According to a newspaper report in The Bangkok Post, the average size of a condo sold in Bangkok last year was 29.9 square meters in size; 31.1 in 5 neighboring provinces.
Where I come from, the average hotel room is bigger.
Still, I have become accustomed to living in more confined spaces.
While I cannot personally imagine myself residing in such a small space longer than a holiday, my appreciation for making them “livable” has grown since living in Asia.
The “studio” apartment is now the hottest selling product offered on the property market here in Thailand.
How developers and designers approach the particular challenges studios present will determine their success.
This month I randomly selected three show units in Pattaya and Jomtien to compare how they solve the design challenges a studio presents.
There are several key issues that must be addressed when designing a studio. Activities that take place in any condo include sleeping, eating, lounging and storing the occupant’s “stuff”. Let’s look at each unit individually and see how they fare.
Studio 1 is 54 square meters which is huge by modern standards. The bed is a full king size and dominates a corner of the long rectangular shaped room. The sofa too is full sized and faces a wall with the large flat screen, a wardrobe and a round dining table.
The kitchen is as large as you’ll find in most one or two bedroom units. The bathroom contains a big walk-in shower with glass enclosure.
The designer of this unit has gotten it right with regard to sleeping and lounging.
The space is big enough to support a king size bed and full sofa. However, the solutions for eating, storage and bathing could use a little work.
The full-blown kitchen could have easily been cut down by a full meter. All that kitchen storage just isn’t necessary in a studio. The dining table seems to be an afterthought and is jammed into one end in a very non-functional way.
Perhaps an eat-in 2 seat arrangement connected to the kitchen would have been a better solution. Or maybe designate the table on the huge double balcony as the “dining area”.
Storage overall is a problem.
This designer opted for a stand-alone wardrobe as the main storage feature, leaving no room to hide suitcases, golf clubs or other large items.

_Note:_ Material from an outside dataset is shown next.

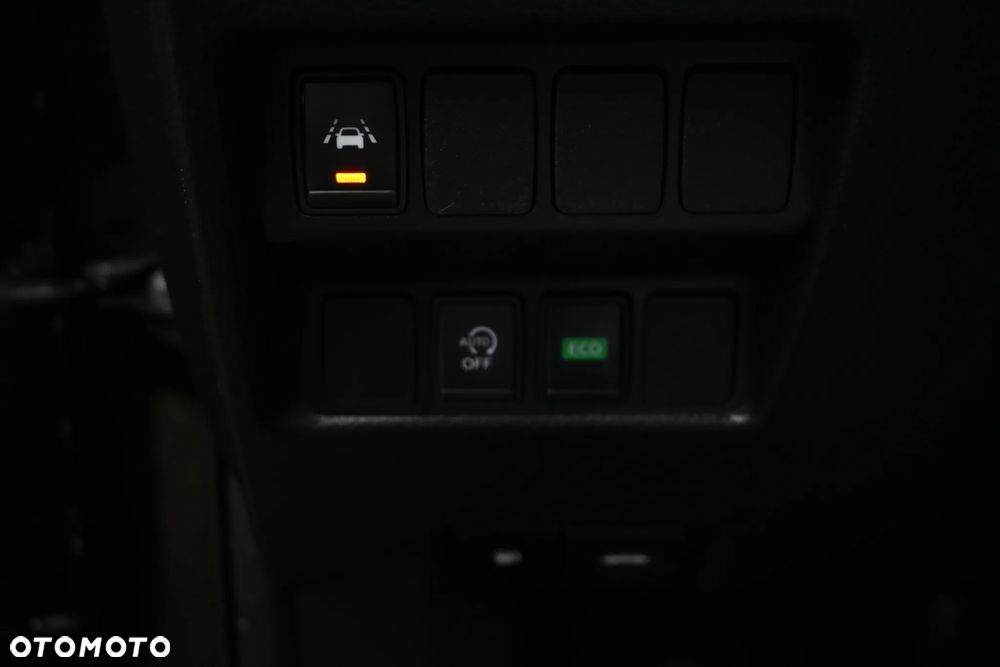 Nissan Qashqai 1.2 DIG-T Xtronic TEKNA+ - 40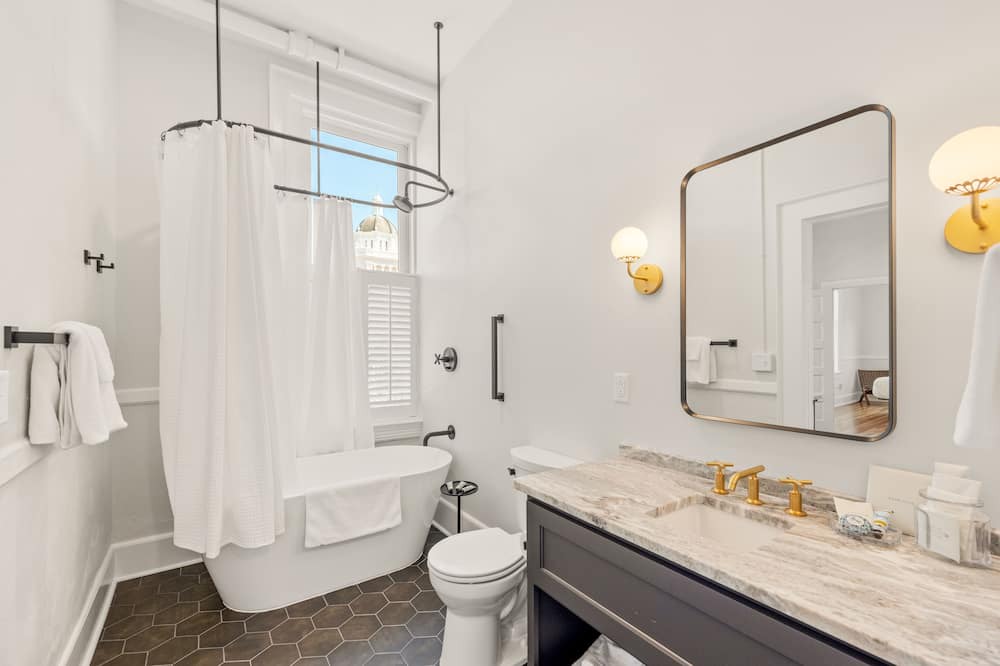 Photo of Bathroom in Valdosta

The sideboard offers a paltry amount of space; its sole purpose apparently to hold up the TV. With the space given, certainly giving up a few square meters on a closet would have been more logical.
The space allotted for the bathroom is adequate.
The cumbersome full length glass door on the shower makes it feel small. Again, the size of this shower could have been maximized by using a glass wall 1/3 the size of the door and possibly building in some more bathroom storage.
It is apparent to me this condo was assembled without regard for its “studio” status. The kitchen is too big, the shower is too big, and no wardrobe is built in. This isn’t a studio; it’s a one bedroom without a dining room or a closet.
What’s the upside of Studio 1?
It’s just a big rectangular room and you could do whatever you want with it. A few minor adjustments and this could be a very livable space.
Studio 2 is 37 square meters and is in a squarer configuration. The sleeping and lounging areas are separated visually, both having use of the TV.
The bathroom is well designed and spacious.
This studio was quite obviously designed to be a living space for one person, or a couple. Everything is properly proportioned.
The sleeping area is deceptively large thanks to the use of a queen size bed rather than a king. That slight change keeps the bed in proportion to the size of the room and creates “walk around” space.
The closet hidden by mirrored doors also serves to make the room look much bigger.
The lounging space is intimate and comfortable; the TV just the right size. The space saving narrow coffee table is a smart use of space.
The kitchen/dining solution is ingenious and space saving. (Studio 1 could have used something like this.) Another private dining area is set up on the also perfectly proportioned balcony.
The bathroom is stylish with space in the right places. Small bathrooms are inexpensive to make opulent, and I think that’s what the designer was thinking here.
The rich brown granite, the big “room-for-two” shower and the slim-profile toilet all work well together.
The storage space in this unit is a little suspect, with only the hotel sized wardrobe hidden away.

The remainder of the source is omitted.